Presented below is a table showing the DZ - OZ split for the tough minutes forwards in the league over the last three years. I've normalized their Corsi values using the multiplier mentioned above and determined the difference in the last column. All stats are taken from Desjardins' Behind The Net.
These tables are sortable by column -- simply click on the desired column header cell.
|Martin St. Louis||794||1217||-423||-0.060||-5.39||-5.330|
This look shows just how differently tough minutes players are used and how their starting position impacts their on-ice performance. The leaders in raw Corsi are, for the most part, taking their faceoffs in the offensive zone. The players that see the biggest gains in normalized Corsi are those that spend their time taking defensive zone faceoffs.
Jay McClement, Mike Richards, Samuel Pahlsson, Martin Hanzal and Shawn Horcoff have done some serious heavy lifting for their teams over the last three years. They've been deployed as defense-first options on their respective clubs. Guys like Eric Staal, Daniel Alfredsson, and especially Martin St. Louis have been deployed in the offensive zone, probably against checking lines like those that are anchored by McClement, Richards, Pahlsson, Hanzal and Horcoff.
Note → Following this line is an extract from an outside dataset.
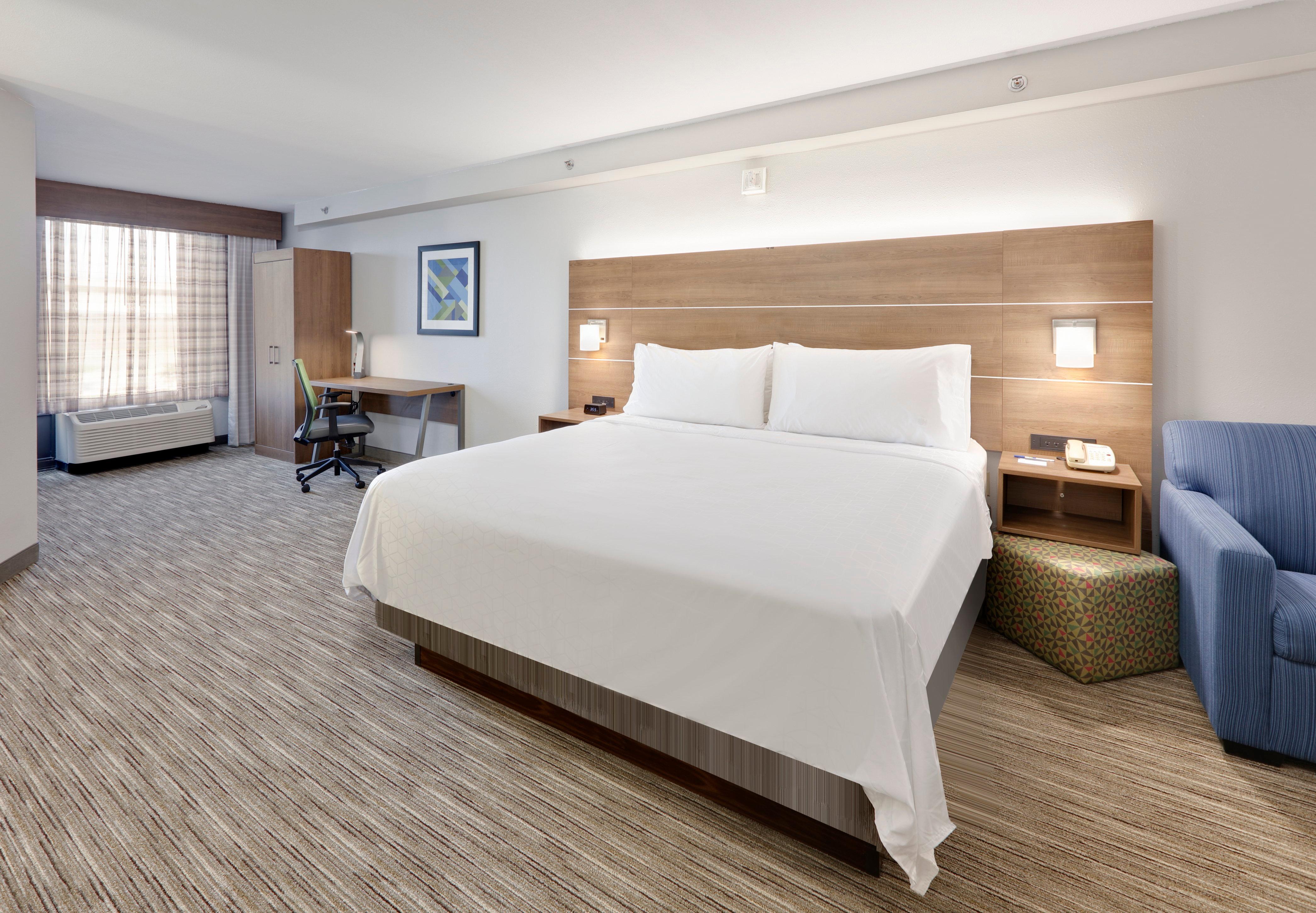 Holiday Inn Express & Suites Irving Conv Ctr - Las Colinas By Ihg Exterior photo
A final word about Jay McClement: the centerman is the salt of the earth and he's moving along, completely unrecognized for his work. He's playing the toughest minutes in the toughest conference in the toughest division in the NHL. He's got the most difficult starting positions in his conference. Yet when you account for his starting position, he's nearly breaking even, and when you consider his linemates - Brandon Crombeen and Alexander Steen - he probably deserves the kind of credit that goes with doing better than breaking even. If I had a vote for the Selke, McClement would have been at the top of my ballot each of the last two seasons, narrowly edging out Frans Nielsen this season.